[Image-caption web data]
....................

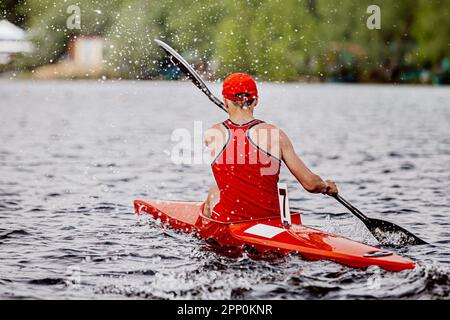 atleta maschile kayak in kayak monotono corsa di campionato kayak, sport giochi estivi Foto Stock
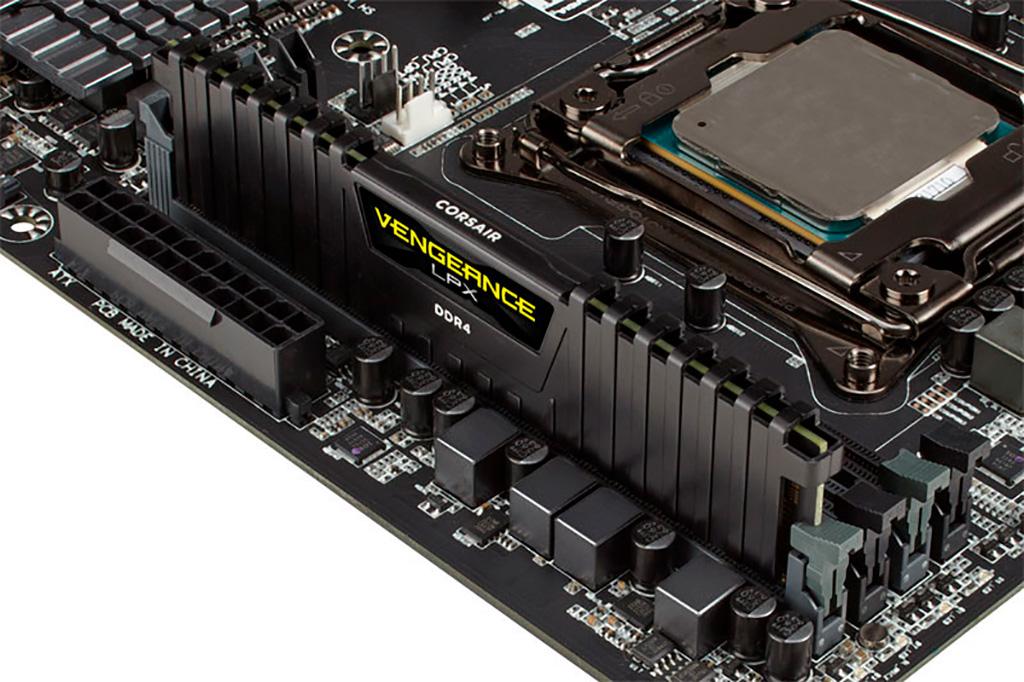 Corsair показала модули памяти Vengeance LPX DDR4-3000 ёмкостью 32 ГБ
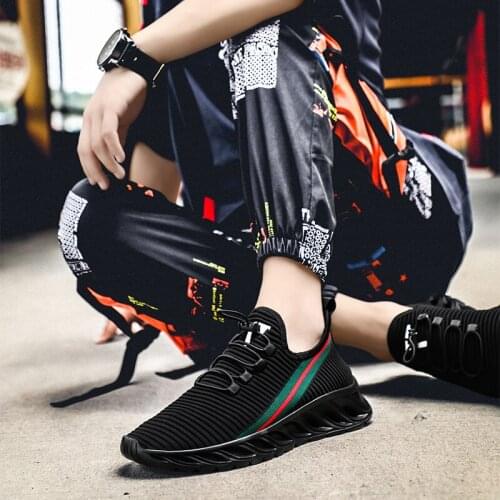 TRAANO Men Casual Shoes Summer Breathable New 2019 Fashion Men Sneakers Air Mesh Shoes Cushion Male Outdoor Footwear CC-234-3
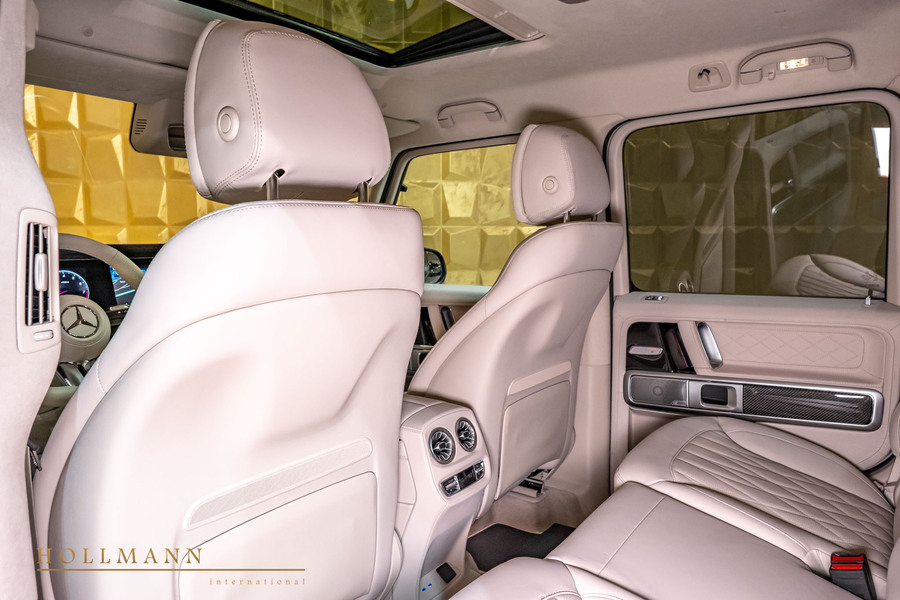 Vehicle view 19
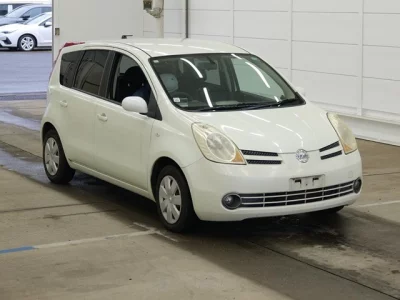 Nissan NOTE  с аукциона в Японии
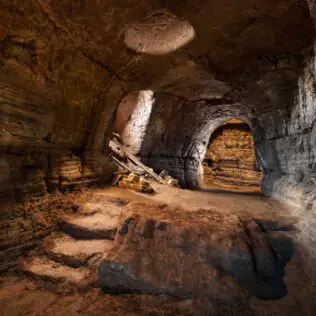 what is caves of hella in iceland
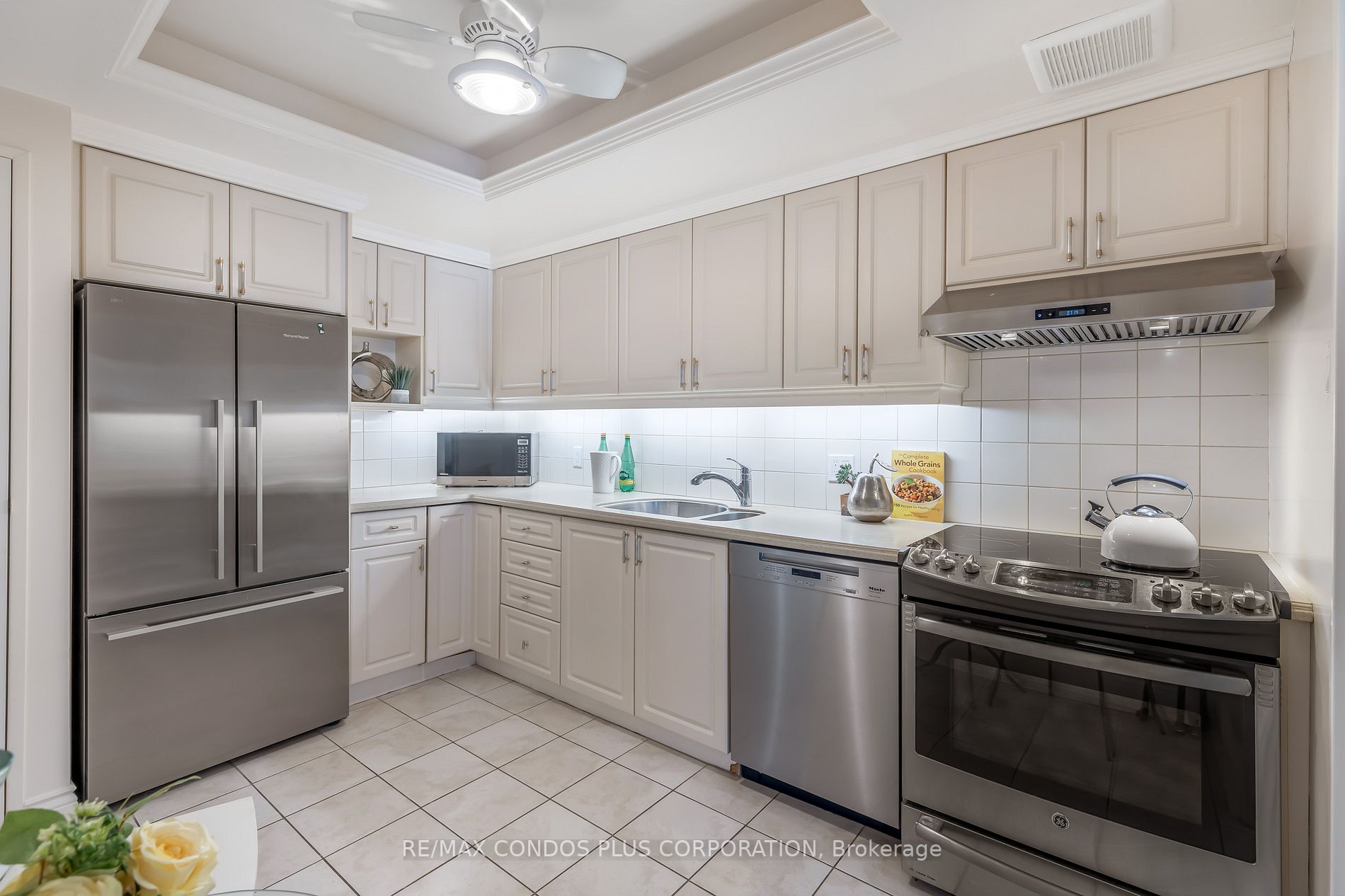 62 Wellesley St W, #502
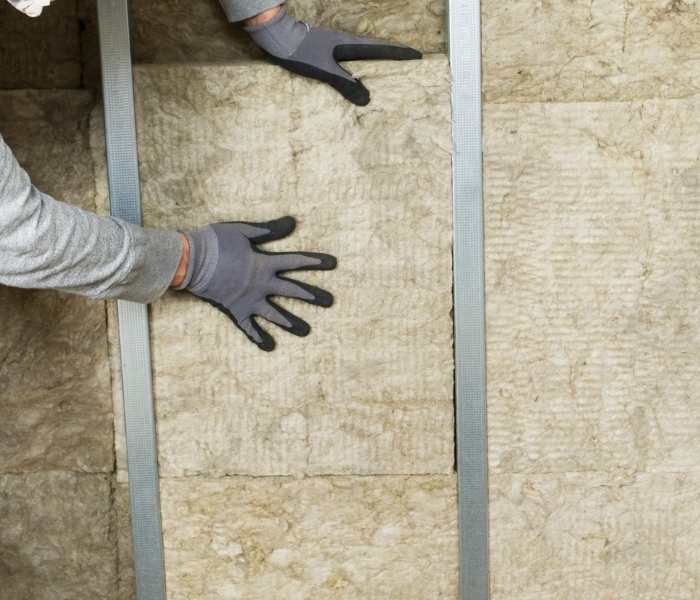 How thick should external wall insulation be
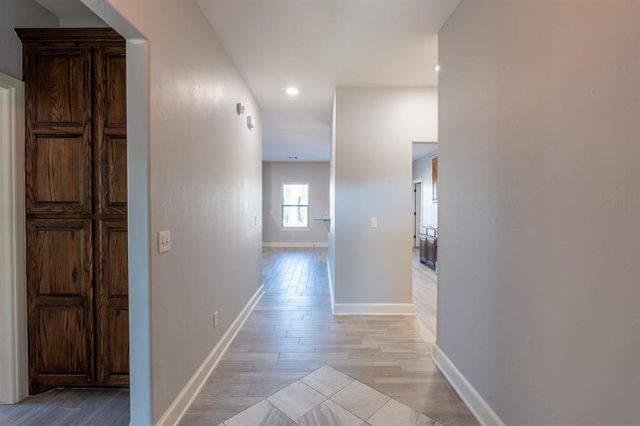 2227 Whispering Pine Boulevard, Shawnee, OK 74804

....................

Copy out exactly the lines between the line that contains "Corsair показала модули" and the last line of the records, both ends included; leave out every picture.

 Corsair показала модули памяти Vengeance LPX DDR4-3000 ёмкостью 32 ГБ
 TRAANO Men Casual Shoes Summer Breathable New 2019 Fashion Men Sneakers Air Mesh Shoes Cushion Male Outdoor Footwear CC-234-3
 Vehicle view 19
 Nissan NOTE  с аукциона в Японии
 what is caves of hella in iceland
 62 Wellesley St W, #502
 How thick should external wall insulation be
 2227 Whispering Pine Boulevard, Shawnee, OK 74804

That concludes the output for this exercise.